News of the capture further escalates tensions at a time when Georgia has said it is very close to war with Russia over Moscow's support for the breakaway regions of Abkhazia and South Ossetia, which have been occupied by Russian peacekeepers since civil war ended in 1994.

Russia recently increased its peacekeeping troops in the region to counter what it says was Georgia militarization of the border, but Tbilisi turned to the West for support against Russia's 'efforts to annex its territory.'

Russian Foreign Minister Sergei Lavrov called Tbilisi's attempts to rally international support sheer 'propaganda' on Friday.

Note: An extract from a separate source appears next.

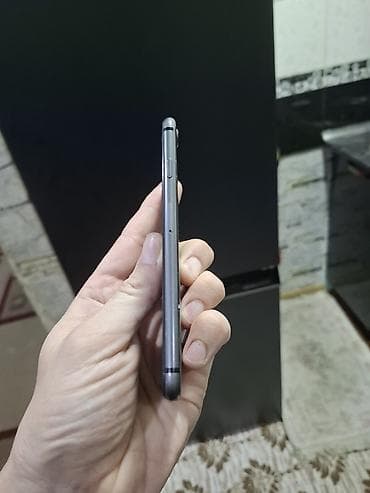 ТВ и видео: IPhone 7, 64 ГБ, Черный, Битый — 4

'In spite of the repeated statements from the leadership of Georgia and their Western allies,' the FSB source told Itar-Tass, the area 'is again being used as a base for terrorists who are active in the North Caucasus.'

The suspected spy's job had been to set up contact between Georgia's intelligence service and an active cell of Islamic rebels in Russia, Interfax reported.

'For this task, the agent many times received financial rewards from Georgia's intelligence services paid in American dollars,' the source told the news agency.

Frayed Georgian-Russian relations have long led to sparks in Abkhazia, the majority of whose citizens hold Russian passports.

But escalating mutual accusations over espionage and troop increases on the borders of the rebel regions have ruptured both country's dialogues with international organizations.

Russia's objections to its post-Soviet neighbour's bid for membership in the North Atlantic Treaty Organization (NATO) sparked the current daily rows.

Efforts at negotiations with Temur Yakobashvili, the Georgian minister for the reintegration of rebel areas, in Moscow on Friday erupted into more fierce words.

The Russian Foreign Ministry accused the Georgian minister had come with no new proposal and only the same stale, hardline positions, ministry official Yuri Popov said.

Yakobashvili in turn reaffirmed an old ultimatum that Russia halt its rapprochement with Georgia's separatist regions or Tbilisi will scupper Russia's WTO aspirations.

'The Georgian side will not change its position because we cannot imagine or talk about any trade regime when against Georgia ... there are attempts to annex our territory,' he added.